Wal-Mart insists the rising volume of criticism hasn't hurt sales. Despite calls from the activists for a Halloween boycott, the company says it had its best Halloween ever. But Chris Ohlinger, CEO of the consulting firm SIRS, says his company's consumer surveys have shown a significant drop in shoppers' trust in Wal-Mart in recent years. His models suggest the falloff could cut short-term sales by 1 percent, though he doubts it will hurt Wal-Mart in the long term. Why? Even if Wal-Mart offends shoppers' consciences, most will find it too hard to resist its low prices, he says. On Wall Street, stock analysts' reports cite the potential costs of litigation and unionization as worries to investors. But mostly they fret over Wal-Mart's rising costs (much of them due to health care) and slowing same-store sales growth. The result: the stock, which traded near $48 last week, is off more than 20 percent from early 2002, when it traded above $60.

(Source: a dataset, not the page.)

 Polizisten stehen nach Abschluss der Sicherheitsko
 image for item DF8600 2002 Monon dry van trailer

Many of the volleys between Wal-Mart and its critics ignore the larger context. Rising health-care costs and the declining earning power of low-skilled workers are national problems, and not unique to Wal-Mart. CEO Scott has tried making this argument, without finding much traction. But he's right. General Motors, which offers the kind of benefits that union activists wish Wal-Mart gave its cashiers, is losing billions as a result; it's in such peril its union workers have agreed to shoulder more of their health costs. A telling moment in Greenwald's Wal-Mart documentary comes when an elderly grocery-store owner laments the closure of his family business, which he attributes to Wal-Mart. "Where will our families and where will our children be? What will they have to do to work and be competitive?" In fact, due to globalization, plenty of people whose livelihoods are unaffected by Wal-Mart are asking similar questions.

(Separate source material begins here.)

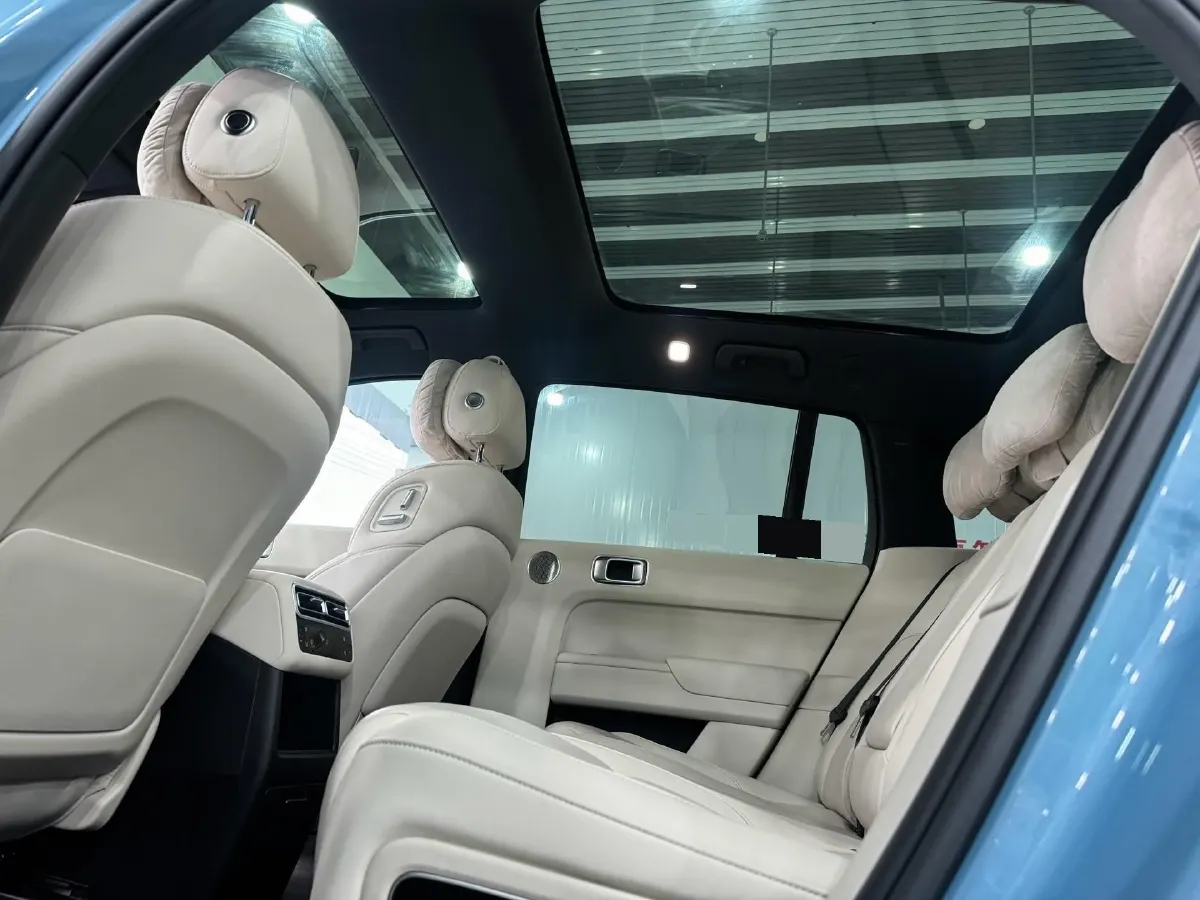 2024 Li L7 Range Extended 154HP REEV 42.8KWH,autocango,china used car exporter,china ev exporter,chinese used car exporter,chinese used ev exporter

That angst is one reason we'll continue hearing about these issues. On Friday Wal-Mart hosted an economics conference, where academics chewed over papers on the chain's impact. (Like previous research, most concluded its lower prices create benefits that more than offset its low wages.) The anti-Wal-Mart side will host its own conference to tout negative research next week. It also vows to make Wal-Mart's practices a key issue in the '06 congressional elections. In the meantime, Wal-Mart's army will soldier on. In New York last month to unveil Metro 7, a new fashion-forward line of apparel, chief marketing officer John Fleming shrugged off the chain's critics. "We're focused on continuing to make Wal-Mart a great place to work," he said. Wal-Mart may have mastered the art of the sale, but until this PR firestorm dies down, that may be a tough sell.